Chips: 1.8191694610310636

Nooshaba: 4.168225211458418

Shokolat: 8.284201138174353

Chocoroll: 6.598054702249758

Cookies: 1.1755814786728802

Abnabat: 2.2718776815884283

Adams-Khersi: 2.536735809368485

Popcorn: 1.7355882233708289

Pastil: 4.604839405991392

Tordilla: 1.0675217543766269

Masghati: 3.876438708953818

Ghottab: 4.779116077284736

Saghe-Talaei: 4.380426201147847

Choob-Shoor: 11.43576741118375

Total Weight: 102.47916013218439

Total Value: 116.00248166719683

Fitenss: 0.567320419022373


# Qeustions



1.   What problems does too little or too much initial population size cause?

> If we have too small an initial population, we will have less diversity, and the only diversity we have is generated by mutation. Therefore, if our population does not move in the proper direction, we may reach the answer very late. On the other hand, too much initial population size increases memory usage and execution time.
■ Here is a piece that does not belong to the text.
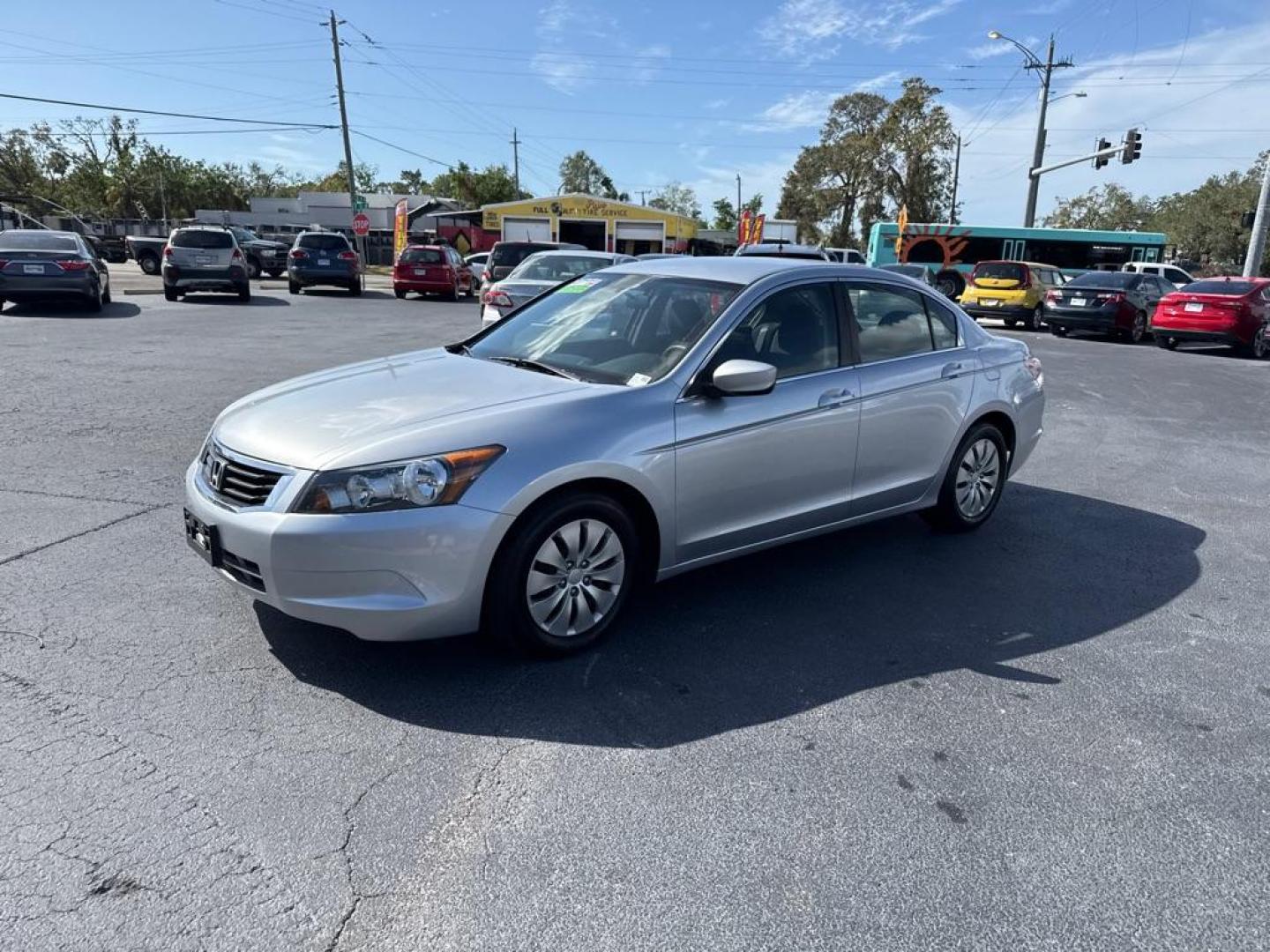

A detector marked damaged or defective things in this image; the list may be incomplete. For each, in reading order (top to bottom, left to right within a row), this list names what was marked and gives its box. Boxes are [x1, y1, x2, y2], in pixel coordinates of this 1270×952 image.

cracked pavement [2, 286, 1270, 945]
2. If the population size increases in each iteration, what effect does it have on the accuracy and speed of the algorithm?
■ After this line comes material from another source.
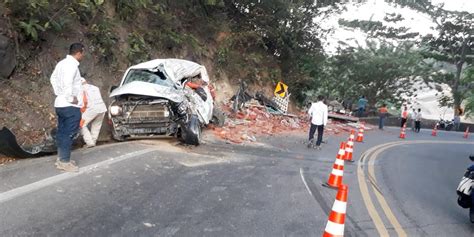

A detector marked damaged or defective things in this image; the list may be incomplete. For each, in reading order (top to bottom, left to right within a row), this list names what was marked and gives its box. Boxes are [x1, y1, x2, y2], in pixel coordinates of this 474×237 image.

shattered windshield [122, 68, 174, 87]
crushed car hood [110, 81, 184, 102]
wrecked white car [108, 59, 218, 144]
> It depends on implementation, if we implement and use it properly, then we have more diversity that helps crossover to have a better result. On the other hand it may cuase redundant computations and increases execution time

3. Compare the effect of each operation of crossover and mutation. Can only one of them used? Why?

> - Crossover:
Crossover is responsible for combining genetic material from two parent individuals to create new offspring.
It promotes exploration of the search space by exchanging information between individuals.
It helps in preserving good solutions found so far and can lead to the creation of new, potentially better solutions.
- Mutation:
Mutation introduces random changes to individual chromosomes, promoting genetic diversity.
It helps in escaping local optima by exploring new areas of the search space.
It can prevent premature convergence by introducing small, random changes to individual solutions.
While both crossover and mutation contribute to the effectiveness of genetic algorithms, it is theoretically possible to use only one of them. However, doing so may result in suboptimal performance or failure to find optimal solutions, depending on the characteristics of the problem being solved.
<br>
Using only crossover may lead to premature convergence if the initial population lacks diversity, as there are no mechanisms to introduce new genetic material.
<br>
Using only mutation may result in slow convergence or difficulty in finding good solutions, as there is no mechanism for combining information from different individuals.

4. In your opinion, what solutions are available to obtain the answer to this particular problem more quickly?

> Change selection approach, for example use elitisim to prevent loose few good solutions, also change fitness function to consider parameters like boundary for snacks weight and value and count to check that we can improve this chromosome or not

5. Despite the use of these methods, it is still possible that the chromosomes don't change after a few more steps. Explain the reason for this and the problems it causes. What do you suggest to solve it?

> It may because don't implement crossover or mutation correctly. Also, it may have happened because of our selection that we only have high-ranked chromosomes and so we lose our diversity after a few steps. For solving this problem one of our approaches is to select the chromosomes that the lower-ranked chromosomes are in the population to7. prevent losing our diversity.

6. What solution do you suggest to end the program if the problem has no answer?

> First, we should have a time limit or iteration limit for our algorithm to be sure that our algorithm is halted. then we could return the most fitted chromosome in our population as an optimal chromosome.